Her hands rested on Riz’s shoulders, a comforting weight, and she moved one to cup his face, gently wiping away a stray tear with her thumb. “Oh, Riz— I was so  _ worried _ —”

“I’m okay,” he said, and it was only half a lie, “I’m here, I’m okay, I’m  _ okay _ —”

A sob escaped Sklonda’s mouth, and she pulled him back in for another brief hug. “Gods above, Riz, don’t you dare do this again,” she said, voice muffled as she embraced him. 

“I didn’t  _ do _ anything, I got dragged in there—”

Instantly, his mom flipped into detective-mode (Riz was all too familiar with detective-mode, it kicked in whenever he came home singed/covered in corn/wet/etc., and it was  _ scarily _ good at getting him to explain.) “Dragged in?” she asked, and her voice was all business with only a hint of concern. “By what?”

“I—”

_ A white hand, with black ball joints along every section of the fingers— a hand much larger than his, rough with callouses and scars— _

He winced, a sharp pain shooting through his head.

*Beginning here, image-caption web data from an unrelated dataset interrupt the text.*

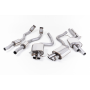 Milltek Cat-back Exhaust System - RS4 B8 4.2 FSI 2012-18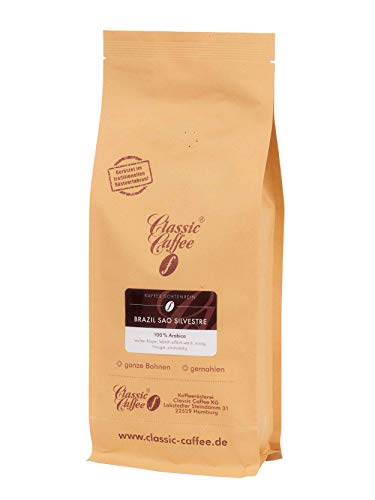 Brasil Sao Silvestre - 250g ganze Bohne von Classic Caffee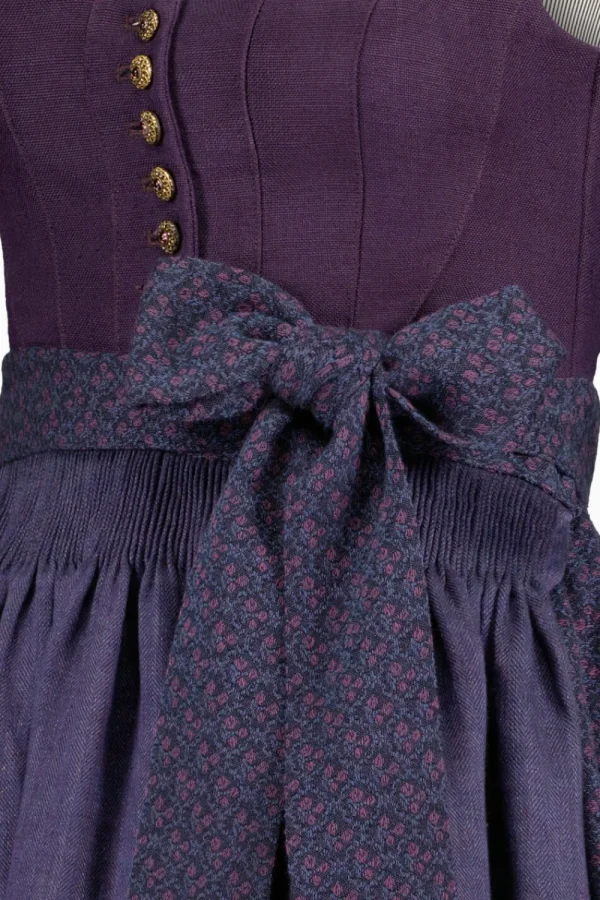 Dirndl^Gottseidank Dirndl Annabelle brombeer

Nothing made sense, none of his memories were coherent, there were two versions of everything and he couldn’t tell which one was real.

“I’m not sure.”

**Notes for the Chapter:**

> in the words of jay, who i texted an insane amount throughout the writing of this chapter, 'help him'. (this chapter is where we finally get to the comfort part of hurt/comfort)
> 
> this fic is getting pretty close to an end!! one or two chapters more, to be honest - it's exciting to think that this'll be my first finished multi-chapter fic ever. dimension 20 u got my creative juices flowing and i thank you for that.